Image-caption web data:
%%
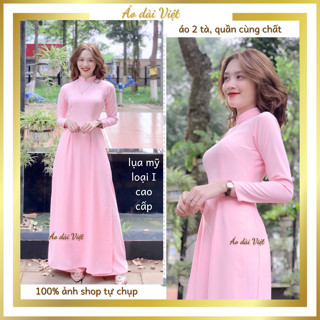 Áo dài 2025 màu hồng phấn pastel trơn truyền thống giáo viên công sở may sẵn lụa mỹ loại 1 cao cấp mềm mịn mát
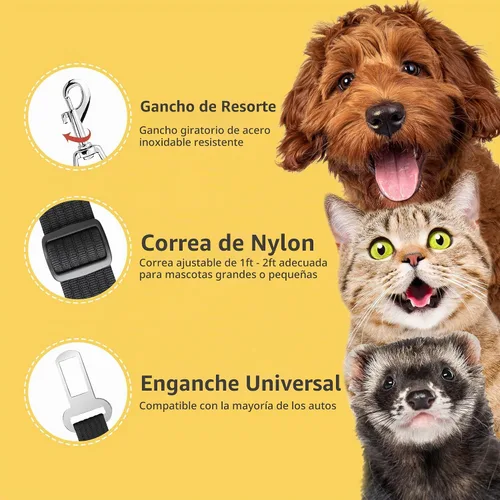 Vista 4 de SunGrow Cinturón de seguridad para perro para automóvil, cinturón de seguridad ajustable de nailon para mascotas, compatible con todos los Negro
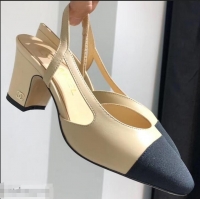 New Fashion Chanel Heel 6.5cm Slingbacks G31318 Beige/Grosgrain Black 2019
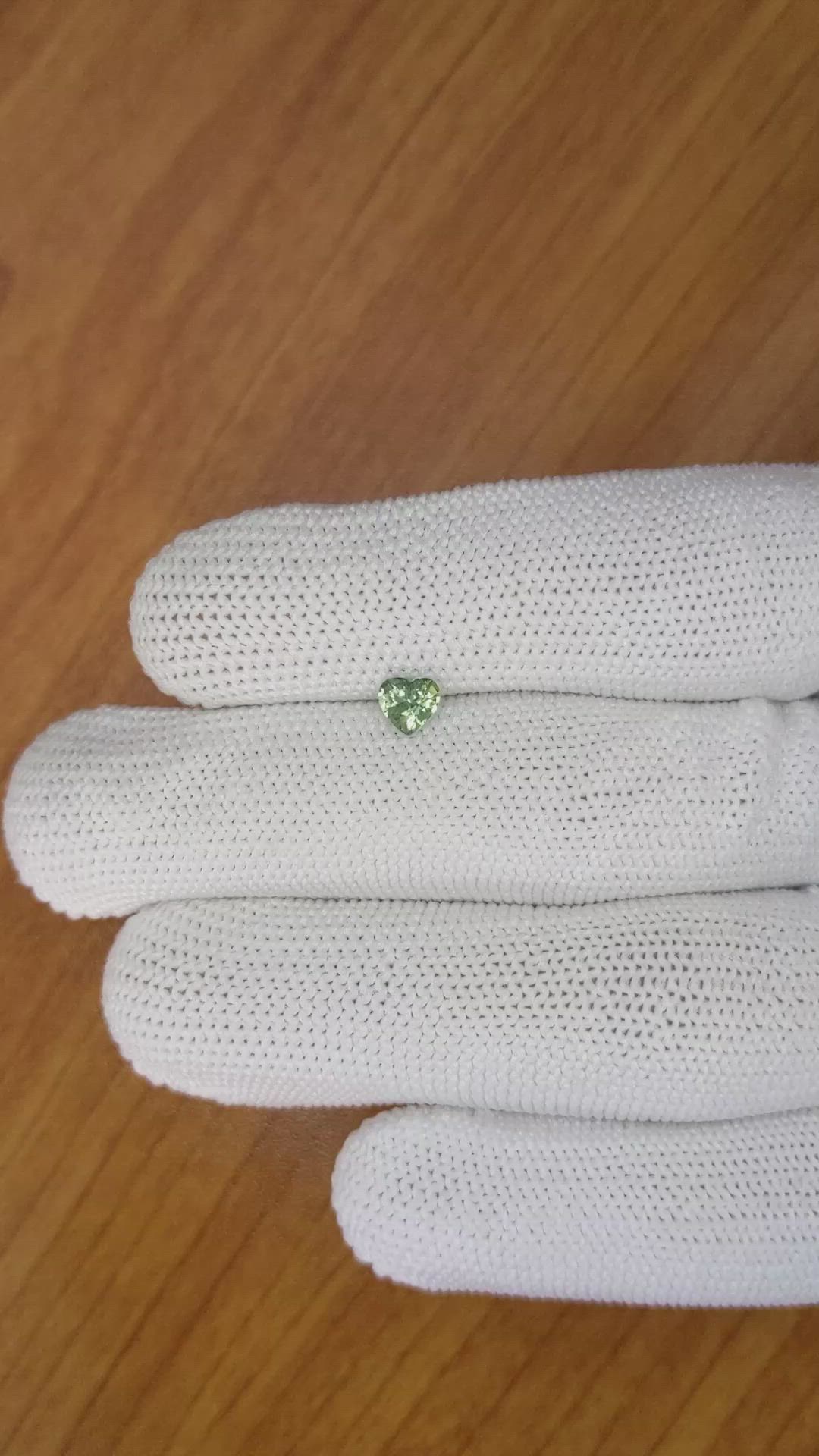 0.57 Ct. Bluish Green Sapphire from Madagascar Size Video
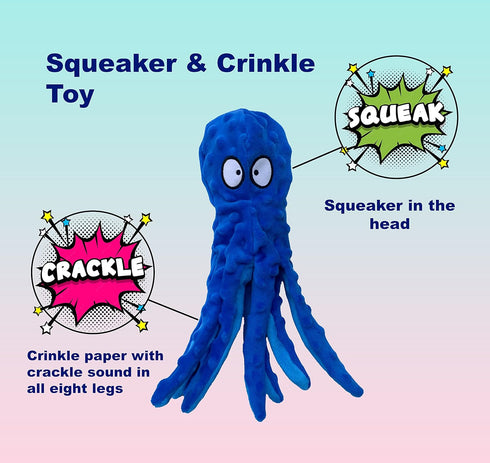 Squeaky Dog Toys, Dog Toys for Small, Medium and Large Breeds, Tough Dog Toys to Keep Them Busy, Durable and Soft Crinkle Plush Puppy Toys for Boredom (Octopus+Ducky) 2pack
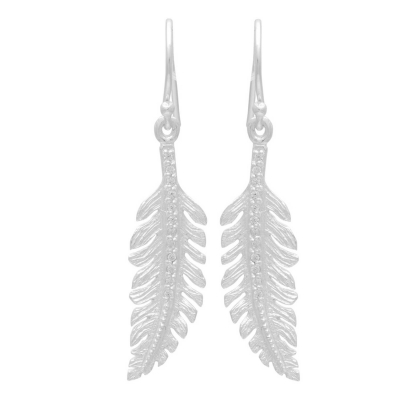 Handmade sterling silver earrings Evrima with platinum plating and precious stones (zirconia) ENG-HE-78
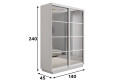Шкаф-купе 2-дверный Slide-2 v.2 140х240х45 см, белый снег/белый профиль, с двумя зеркалами, с разделителями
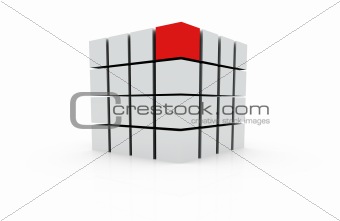 3d individuality red cube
%%
DIRECTIONS FOR THIS TASK
Pictures are to be left out, while the records are copied word for word.

SOLUTION FOR THIS PROBLEM
 Áo dài 2025 màu hồng phấn pastel trơn truyền thống giáo viên công sở may sẵn lụa mỹ loại 1 cao cấp mềm mịn mát
 Vista 4 de SunGrow Cinturón de seguridad para perro para automóvil, cinturón de seguridad ajustable de nailon para mascotas, compatible con todos los Negro
 New Fashion Chanel Heel 6.5cm Slingbacks G31318 Beige/Grosgrain Black 2019
 0.57 Ct. Bluish Green Sapphire from Madagascar Size Video
 Squeaky Dog Toys, Dog Toys for Small, Medium and Large Breeds, Tough Dog Toys to Keep Them Busy, Durable and Soft Crinkle Plush Puppy Toys for Boredom (Octopus+Ducky) 2pack
 Handmade sterling silver earrings Evrima with platinum plating and precious stones (zirconia) ENG-HE-78
Шкаф-купе 2-дверный Slide-2 v.2 140х240х45 см, белый снег/белый профиль, с двумя зеркалами, с разделителями
 3d individuality red cube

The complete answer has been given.